<span style="font-family:Trebuchet MS; font-size:2em;">Project 3 | NB1: Data Collection</span>

Riley Robertson | Reddit Classification Project | 

## Imports

Primary Imports

In [4]:
import requests
import pandas as pd
import datetime as dt
import time

Alerts:

In [166]:
import knockknock
kk_url = "https://hooks.slack.com/services/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"
kk_channel_name = 'jupyter-notebook'
kk_users = ['@rileyrobertsond']

---

## Subreddit info

**NFL** - https://www.reddit.com/r/nfl

**Premier League** - https://www.reddit.com/r/PremierLeague


In [9]:
nfl = 'nfl'
epl = 'PremierLeague'

subs = [nfl, epl]


---

## Single Request Function

In [217]:
# Using Pushshift API (https://pushshift.io/api-parameters)
# returns a list of dictionaries from chosen subreddit
# each dictionary containing 1 reddit submission (post) or comment

def get_request(dict_params, request_type='submission'):
    if request_type == 'submission':
        url = f'https://api.pushshift.io/reddit/{request_type}/search'
        res = requests.get(url, dict_params)  
        return res.json()['data']

    if request_type == 'comment':
        
        return res.json()['data']

    else:
        return 'Enter valid request_type (submission or comment)'

#### Test

**Submission (post) test**

In [218]:
# parameters setup
params = {'subreddit': epl, 'size': '1', 'is_self': True}

# assignment of function return to variable
get_req = get_request(params, 'submission')

In [219]:
print(
f'''
subbreddit: {get_req[0]['subreddit']}
     title: {get_req[0]['title'][:50]}...
    author: {get_req[0]['author']}
   created: {get_req[0]['created_utc']}
  comments: {get_req[0]['num_comments']}
       url: {get_req[0]['url']}''')


subbreddit: PremierLeague
     title: Who is Jesse Marsch the New Head Coach of RB Leipz...
    author: ajmal1979
   created: 1619694586
  comments: 0
       url: https://www.reddit.com/r/PremierLeague/comments/n120et/who_is_jesse_marsch_the_new_head_coach_of_rb/


**Comment Test**

In [220]:
# # parameters setup
# params = {'subreddit': epl, 'size': '1', 'is_self': True}

# # assignment of function return to variable
# get_req = get_request(params, 'comment')

In [221]:
# get_req

In [222]:
# print(
# f'''
# subbreddit: {get_req[0]['subreddit']}
#      title: {get_req[0]['title'][:50]}...
#     author: {get_req[0]['author']}
#    created: {get_req[0]['created_utc']}
#   comments: {get_req[0]['num_comments']}
#        url: {get_req[0]['url']}''')

**Comment Parameters**
- reply_delay (Integer)	-	Restrict based on time elapsed in seconds when comment reply was made  
- nest_level		(Integer) -		Restrict based on nest level of comment. 1 is a top level comment  
- sub_reply_delay	(Integer) -		Restrict based on number of seconds elapsed from when submission was made  
- utc_hour_of_week	(Integer) -		Restrict based on hour of week when comment was made (for aggregations)  
- link_id	        (Integer) -		Restrict results based on submission id  
- parent_id	        (Integer) -		Restrict results based on parent id

---

## Loop Function

In [223]:
# Function to make [n] requests of 100 posts. 
# Each request will be for a period of [win] days and the periods will not overlap
# Exports .csv of API responses for each subreddit

@knockknock.slack_sender(webhook_url=kk_url, channel=kk_channel_name, user_mentions=kk_users)
def get_nrequest(n, win, subs_list, request_type='submission',
                 size=100, is_self=True, is_video=False):

    # Setting up list of features to retrieve from subreddit data:
    features = ['subreddit', 'created_utc', 'author', 'num_comments', 
                'score', 'is_self', 'link_flair_text','title', 'selftext', 'full_link']

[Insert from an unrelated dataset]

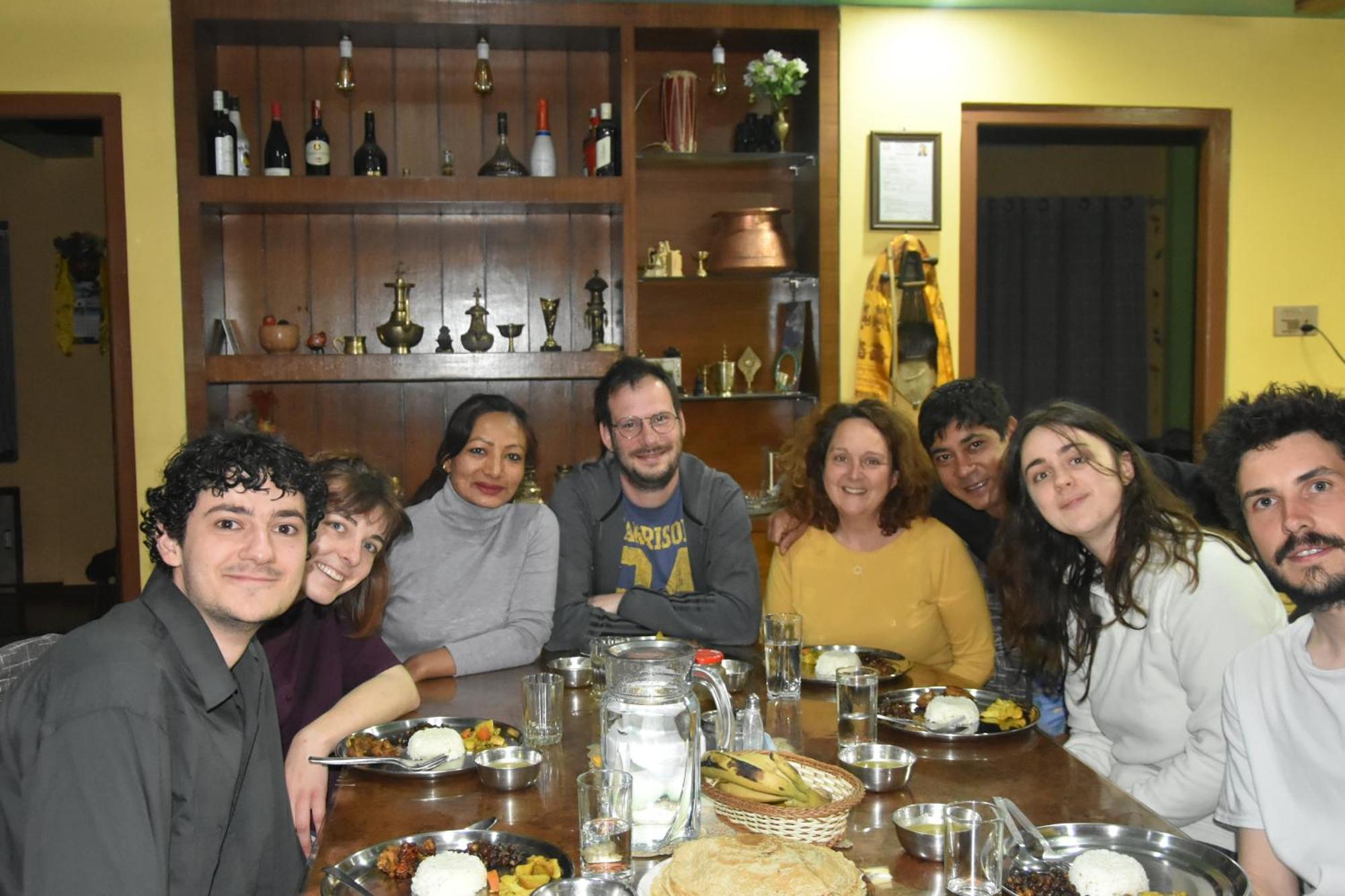 Shine Homestay Famille Francophone - Shine Home And Apartment Kathmandu Luaran gambar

    # List instantiation for error/event logging
    report = []

    # For Loop to scrape multiple subreddits:
    for sub in subs_list:
        
        # Onscreen display during loops:        
        cur_datetime = dt.datetime.now().strftime('%Y-%m-%d %H:%M:%S')
        print(f'API request initiated. Scraping r/{sub} in progress...')
        print(f'   Current time: {cur_datetime}')
        print('')
        
        # Adding updates to event log
        report.append({'event': f'API request from r/{sub} began',
                       'datetime': f'{cur_datetime}',
                       'exception': ''
                       })

        # Setting parameters to use in data requests from the API. Parameters mostly set by function args. 
        params = {
            'subreddit': sub,
            'size': size,
            'is_self': is_self,
            'is_video': is_video,
            'selftext:not': '[removed]'      # thanks to Amanda for posting this in the groupwork channel
        }

        list_data = []
        
        for i in range(1, n+1):               # I used the demo notebook to figure out these time
            params['after'] = f'{i * win}d'   # parameters and loop structure using n and day_window

            # Try/Except to handle any errors in the get_requests
            try:
                new_data = get_request(params, request_type)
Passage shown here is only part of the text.